Another possibility raised by this interaction is that SN might be involved in the transcriptional regulation of LATE1. Figure 7C shows that the rhythm of LATE1 expression is clearly altered in the sn mutant. Peak expression levels in the wild type and sn were not significantly different, but peaks occurred earlier in the day and trough levels were substantially higher in sn than in the wild type. This suggests that SN is needed for normal cycling of LATE1 expression, which places it either upstream of LATE1 or at a similar level in the genetic hierarchy governing circadian rhythms and flowering.


The molecular physiology of flowering time control has been intensively investigated in Arabidopsis for more than a decade but has only more recently come under systematic investigation in other species (Carmel-Goren et al., 2003; Hayama et al., 2003; Brunner and Nilsson, 2004; Hecht et al., 2005).

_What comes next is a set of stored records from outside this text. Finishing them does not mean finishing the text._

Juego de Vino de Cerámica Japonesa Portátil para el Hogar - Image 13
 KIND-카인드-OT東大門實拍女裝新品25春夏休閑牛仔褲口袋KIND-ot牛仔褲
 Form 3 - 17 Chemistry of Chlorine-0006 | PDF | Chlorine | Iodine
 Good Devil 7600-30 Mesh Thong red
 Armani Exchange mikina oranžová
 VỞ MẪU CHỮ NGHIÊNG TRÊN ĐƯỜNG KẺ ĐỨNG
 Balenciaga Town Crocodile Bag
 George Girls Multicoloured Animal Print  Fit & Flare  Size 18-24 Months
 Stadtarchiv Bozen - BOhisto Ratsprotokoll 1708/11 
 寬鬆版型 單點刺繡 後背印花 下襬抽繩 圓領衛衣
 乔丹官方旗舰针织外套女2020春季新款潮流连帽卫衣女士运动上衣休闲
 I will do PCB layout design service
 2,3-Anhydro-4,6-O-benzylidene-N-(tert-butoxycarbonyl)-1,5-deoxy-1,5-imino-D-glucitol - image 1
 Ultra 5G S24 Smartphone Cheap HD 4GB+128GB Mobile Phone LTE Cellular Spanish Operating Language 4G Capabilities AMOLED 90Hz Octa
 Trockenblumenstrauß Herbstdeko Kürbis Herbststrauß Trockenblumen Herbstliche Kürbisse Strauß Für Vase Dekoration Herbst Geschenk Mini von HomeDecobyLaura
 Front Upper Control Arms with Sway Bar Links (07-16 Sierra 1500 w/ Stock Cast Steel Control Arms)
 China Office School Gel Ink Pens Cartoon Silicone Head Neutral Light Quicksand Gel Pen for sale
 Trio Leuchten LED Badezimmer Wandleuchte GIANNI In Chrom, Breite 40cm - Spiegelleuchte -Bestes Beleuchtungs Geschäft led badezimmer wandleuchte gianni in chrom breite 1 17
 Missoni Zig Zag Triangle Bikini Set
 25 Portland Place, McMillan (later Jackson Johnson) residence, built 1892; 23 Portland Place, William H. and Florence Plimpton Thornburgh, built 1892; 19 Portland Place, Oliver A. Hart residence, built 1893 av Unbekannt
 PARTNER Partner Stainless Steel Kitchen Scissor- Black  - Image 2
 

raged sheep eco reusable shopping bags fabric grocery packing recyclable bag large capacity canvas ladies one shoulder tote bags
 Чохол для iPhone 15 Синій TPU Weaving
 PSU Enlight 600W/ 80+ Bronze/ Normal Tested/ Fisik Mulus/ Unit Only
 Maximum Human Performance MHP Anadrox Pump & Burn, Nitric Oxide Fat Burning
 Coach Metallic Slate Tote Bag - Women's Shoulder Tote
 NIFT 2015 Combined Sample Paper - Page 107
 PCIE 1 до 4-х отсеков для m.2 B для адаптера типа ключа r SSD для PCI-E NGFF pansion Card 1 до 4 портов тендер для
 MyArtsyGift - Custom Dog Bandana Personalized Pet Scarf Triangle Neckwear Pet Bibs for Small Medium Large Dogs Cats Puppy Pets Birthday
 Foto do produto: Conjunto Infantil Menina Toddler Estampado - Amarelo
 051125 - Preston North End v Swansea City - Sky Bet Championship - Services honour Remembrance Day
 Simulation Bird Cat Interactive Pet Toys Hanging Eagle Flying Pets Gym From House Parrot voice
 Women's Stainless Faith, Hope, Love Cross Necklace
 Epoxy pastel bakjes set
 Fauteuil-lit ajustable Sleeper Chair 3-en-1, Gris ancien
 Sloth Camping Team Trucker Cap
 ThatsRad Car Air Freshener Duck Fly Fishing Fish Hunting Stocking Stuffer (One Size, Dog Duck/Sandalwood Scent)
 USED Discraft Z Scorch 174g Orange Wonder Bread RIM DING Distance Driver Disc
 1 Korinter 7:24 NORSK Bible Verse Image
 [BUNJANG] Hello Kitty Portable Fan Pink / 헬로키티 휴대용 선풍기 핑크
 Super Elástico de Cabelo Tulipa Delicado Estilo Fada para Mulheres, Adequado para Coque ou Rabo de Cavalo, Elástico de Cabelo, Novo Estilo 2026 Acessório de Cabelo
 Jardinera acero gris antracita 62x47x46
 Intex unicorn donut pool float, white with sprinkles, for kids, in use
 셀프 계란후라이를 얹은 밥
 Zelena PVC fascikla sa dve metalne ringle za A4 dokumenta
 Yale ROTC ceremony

In pea, classical genetic and physiological analyses have identified several flowering genes and established a model for their interactions (Murfet, 1977; Reid et al., 1996), but apart from the demonstration that the LF gene encodes a TFL1 homolog (Foucher et al., 2003), the molecular nature of these genes is not known. We have recently begun the molecular genetic analysis of photoperiod responsiveness in pea through isolation of new mutants and isolation of photoperiod pathway gene homologs (Weller et al., 2003; Hecht et al., 2005). In this study, we have used a range of approaches to define the physiological and molecular roles of LATE1, the pea ortholog of Arabidopsis GI, in photoperiodic flowering, photomorphogenesis, and the generation of rhythmic gene expression. We have also characterized rhythmic expression of pea homologs for a number of Arabidopsis clock genes, providing a basis for exploring the molecular nature of a range of other pea flowering loci. Finally, we have explored the role of LATE1 in mobile signaling and examined its interaction with the well-known pea flowering locus SN. Results from these experiments provide the first points of contact between previous physiological models for flowering in pea and molecular models derived mainly from Arabidopsis.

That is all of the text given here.